-
Bug
-
Resolution: Done
-
Critical
-
0.4.1
-
None
We are using the Debezium MySQL connector as described here:
https://wecode.wepay.com/posts/streaming-databases-in-realtime-with-mysql-debezium-kafka
We've hit an interesting edge case. When following the steps in the Adding new databases section, we discovered that one of our DBs would not come up on the MySQL DB with the new database loaded on it.
The problem appears to be that one of our connectors follows a very low-volume DB (gets updates only every day or two). This is an issue because offset (GTID) commits in Kafka connect (0.10.2.0) only appear to get triggered when the connector receives new messages. If the connector is sitting there for two days with no new messages, no new GTID commits will occur.

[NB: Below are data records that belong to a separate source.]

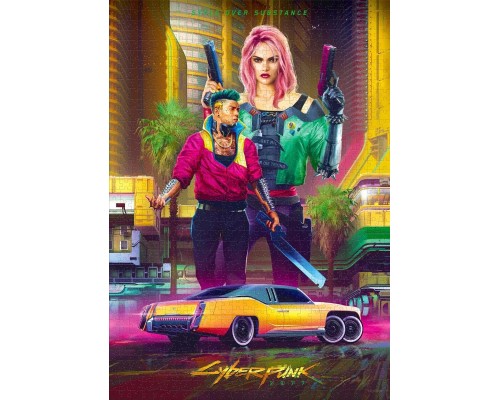 Пазл GoodLoot Cyberpunk 2077 Kitsch Style 1000 ел. (5908305249696)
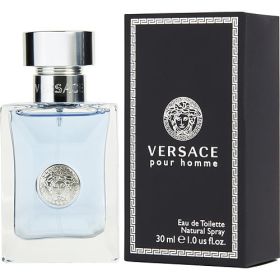 VERSACE POUR HOMME by Gianni Versace (Scent: lemon, bergamot, musk, tonka bean, clary sage, Option: MEN, size: 1 OZ)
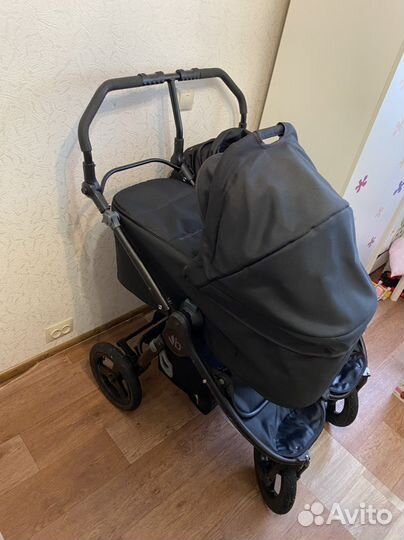 Коляска bumbleride indie twin/matte black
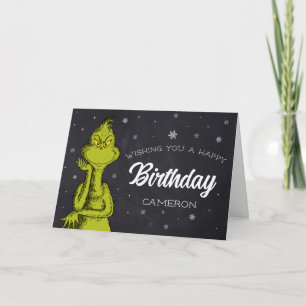 Cartão Grpolegadas Chalkboard Birthday
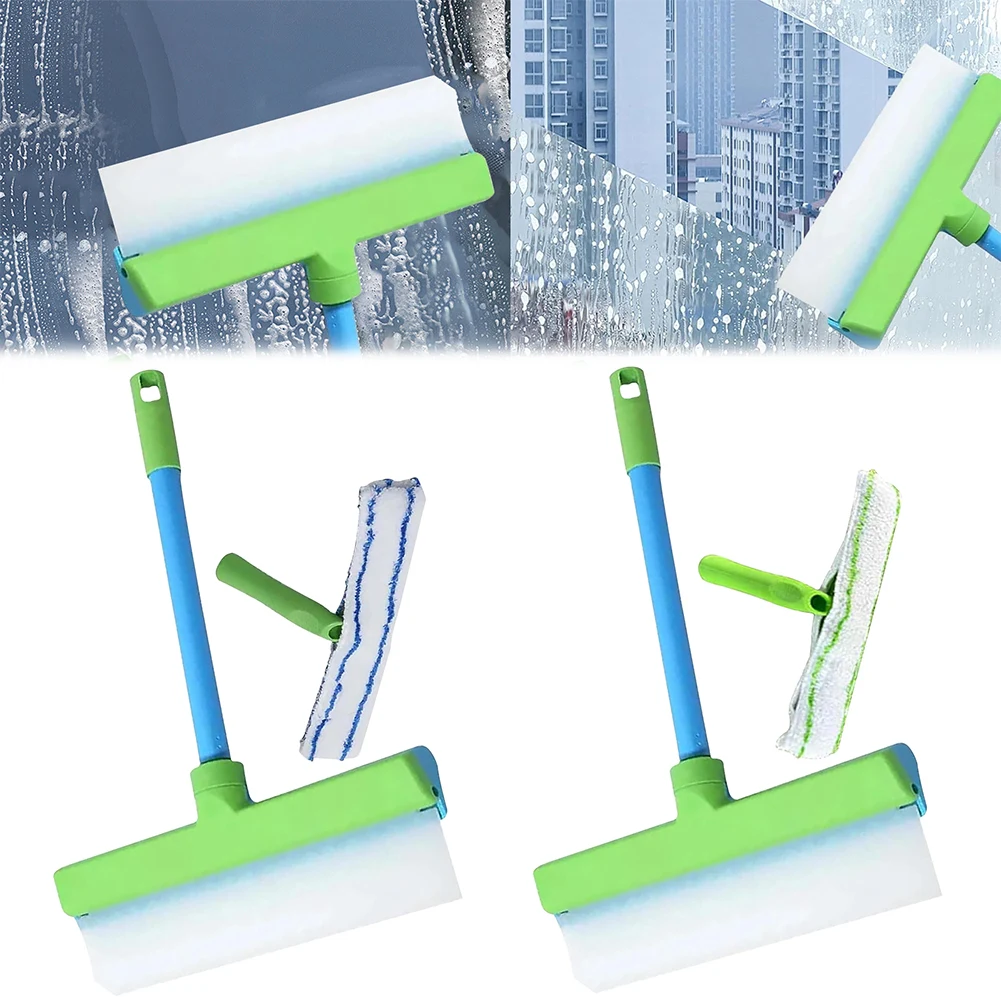 

Window Cleaner Microfiber Scrubber Complete Glass Cleaning Set for Shower Mirror Door Car Cleaning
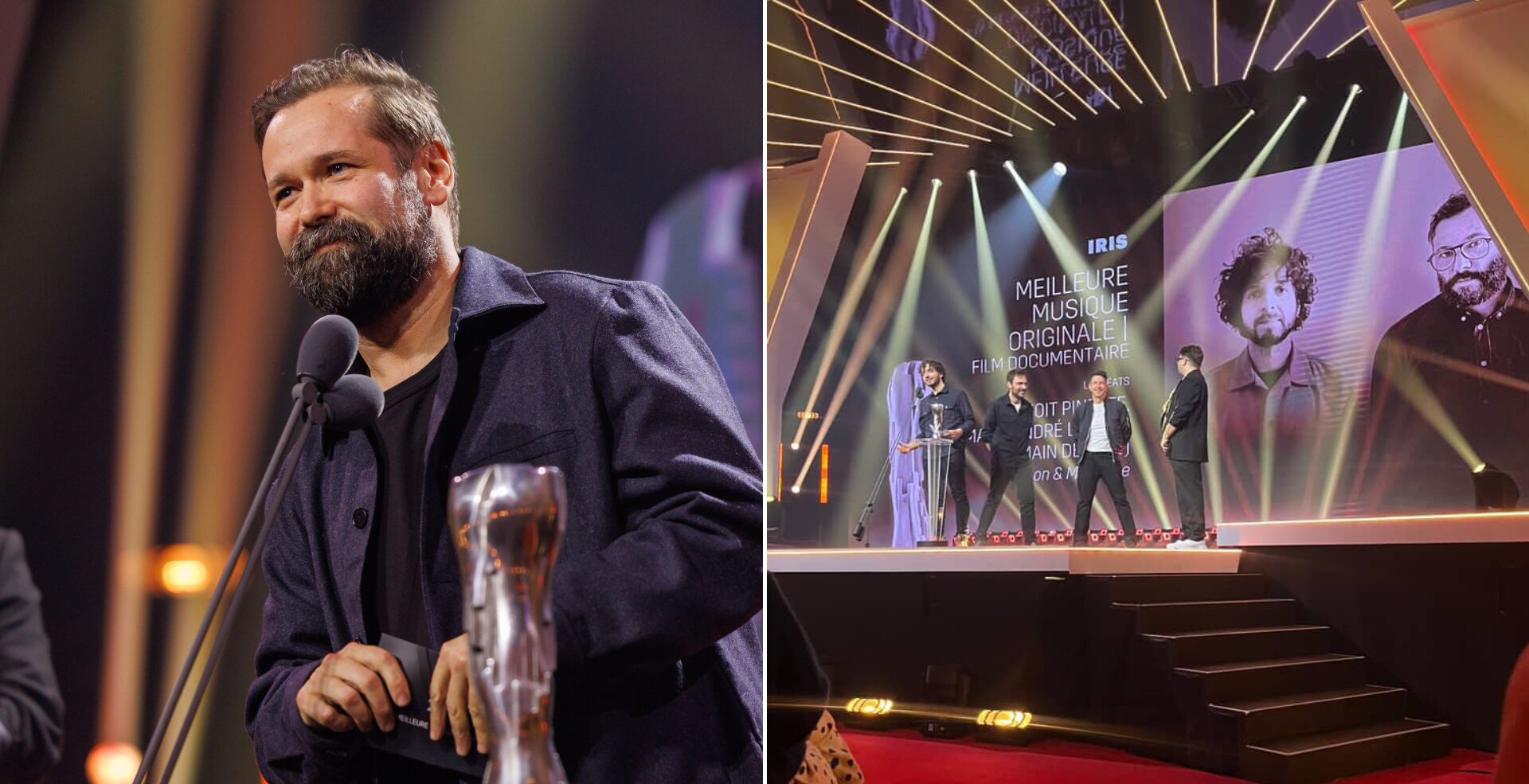 Gala Québec Cinéma 2025 : Phlippe Brault, Demain Déluge remportent un Prix Iris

When we execute the reset master and set global GTID_PURGED commands (shown in the blog post), the binlog on the new MySQL DB is truncated. When we then try and move the low-volume connector over, it fails, because it tries to connect with a GTID from two days ago, which of course isn't on the new MySQL server because its binlog has just been purged. This problem doesn't exist for higher volume connectors because they commit frequently (every minute, or so), so if we wait a few minutes before moving them to the new MySQL machine, the latest committed GTID is in the new machine's binlog.
An ideal solution would be to have DBZ or KC automatically commit the most recent GTID that the connector has seen on a periodic basis. I briefly looked at the latest KC docs, and I don't see any such config.
I'm wondering if this issue is happening because we're using GTID server UUID whitelist, and table blacklists. Perhaps the interaction between Debezium and Kafka connect is getting messed up, such that offsets aren't getting committed. Debezium is receiving new GTID updates, just not from anything that matches the server UUID filter and table whitelist filters.
Lastly, I can't be certain, but I don't believe that we saw this issue with Kafka connect 0.10.0.1, before we upgraded to 0.10.2.0. Not 100% sure, but perhaps something changed in Kafka connect's behavior?